Suzanne stopped and looked in at an embryo no more than six inches in length. She shook her head. Its tiny arms and legs were moving as if swimming.

“Does the process trouble you?” Arak asked.

Suzanne nodded. “It’s mechanizing a process I think that’s best left to nature.”

“Nature is uncaring,” Arak said. “We can do so much better, and we care.”

Suzanne shrugged. She wasn’t about to get into an argument. She started walking again.

“These are like the spheres you guys were in,” Perry said to Richard and Michael.

“No shit!” Richard said.

“Please!” Suzanne barked irritably at Richard. “I’m getting tired of the language you fellows seem compelled to use.”

“Sorry to offend your majesty,” Richard shot back.

“These containers are similar but not the same,” Arak said quickly. The last thing he wanted was any kind of an altercation in the spawning center.

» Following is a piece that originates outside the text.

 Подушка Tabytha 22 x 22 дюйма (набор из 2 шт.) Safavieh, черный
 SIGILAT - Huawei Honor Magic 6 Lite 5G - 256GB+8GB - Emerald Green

Suzanne stopped abruptly and peered into one of the spheres. She was aghast at what she saw. Inside was a child who looked at least two years old. “Why is this child still in the sphere?” she questioned.

“It’s perfectly normal,” Arak assured her.

“Normal?” Suzanne questioned. “At what age are they…” she struggled for the right word, “decanted?”

“We still say born,” Arak said. “Or, as a more technical term, we say emerge.”

“Whatever,” Suzanne said. Seeing the child imprisoned in the fluid-filled sphere made her shiver with nausea. It seemed so cold, calculating, and cruel. “At what age are the children freed?”

“Preferably not until four,” Arak said. “We wait until the brain is mature enough to receive the mindprint. We also don’t want the brain cluttered with unorganized natural input any more than necessary.”

Suzanne exchanged a look with Perry.

“Come!” Sufa called out. She beckoned them over. “There’s an emergence imminent. I’ve tried to delay it as much as possible; you’ll have to hurry.” Sufa turned and darted back in the direction she’d come.

Arak urged the group to follow with the intent of passing quickly through a room he called the imprinting room in order to get to the emergence room beyond. But Suzanne faltered on the imprinting room threshold taken aback by the spectacle.

The room was a quarter the size of the gestation room. Instead of sealed spheres with embryos the space was filled with transparent tanks containing angelic-looking four-year-olds. Each child was suspended in fluid but in a fixed position. Umbilical cords and placentas were still present despite the children’s relatively advanced ages.

“I’m not sure I want to see this,” Suzanne said as Arak gently prodded her.